You are in shock. The description fits, and you realize that the individual never cared about you, that you were targeted, and that you allowed yourself to be scammed, either financially or emotionally. You’ve lost money, or your home, or your job, or your support network—or all of it.
Blame game
As you realize the depths of the betrayal, the blame game starts. And whom do you blame? Yourself.
You are furious with yourself for not seeing it sooner. You didn’t listen to people who warned you, or to your own inner voice that was telling you something was amiss. Instead, you believed the silver-tongued liar, the crying and pleading actor, whose real intention was to drain from you everything he or she could.

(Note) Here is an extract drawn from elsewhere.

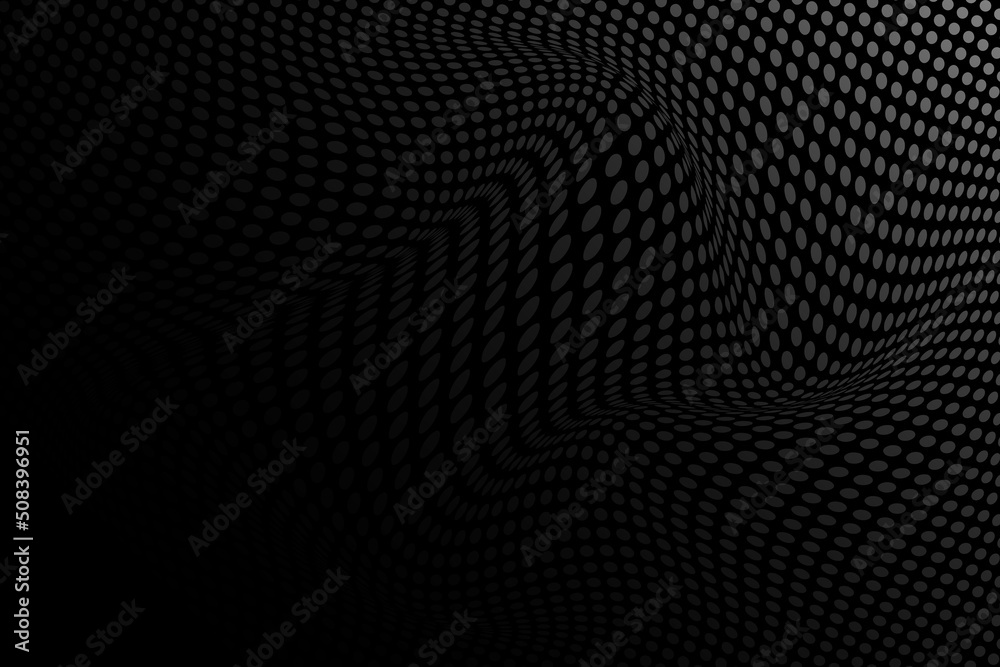 Wall mural Abstract halftone wave dotted background. Futuristic twisted grunge pattern, dot, circles. Vector modern optical pop art texture for posters, business cards, cover, labels mock-up, stickers layout.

Besides everything physical and financial that you lost, you are most upset because you no longer have your sense of self. You feel like you lost your soul.
Now what?
The sociopath is responsible
First of all, recognize that you are not responsible for the abuse you experienced.
The sociopath may have blamed you for his or her actions, saying, “You made him (her) do it.” Understand that statements like these were all part of the manipulation. The terrible words were spoken specifically to throw you off-balance and break you down, so that the sociopath could maintain control.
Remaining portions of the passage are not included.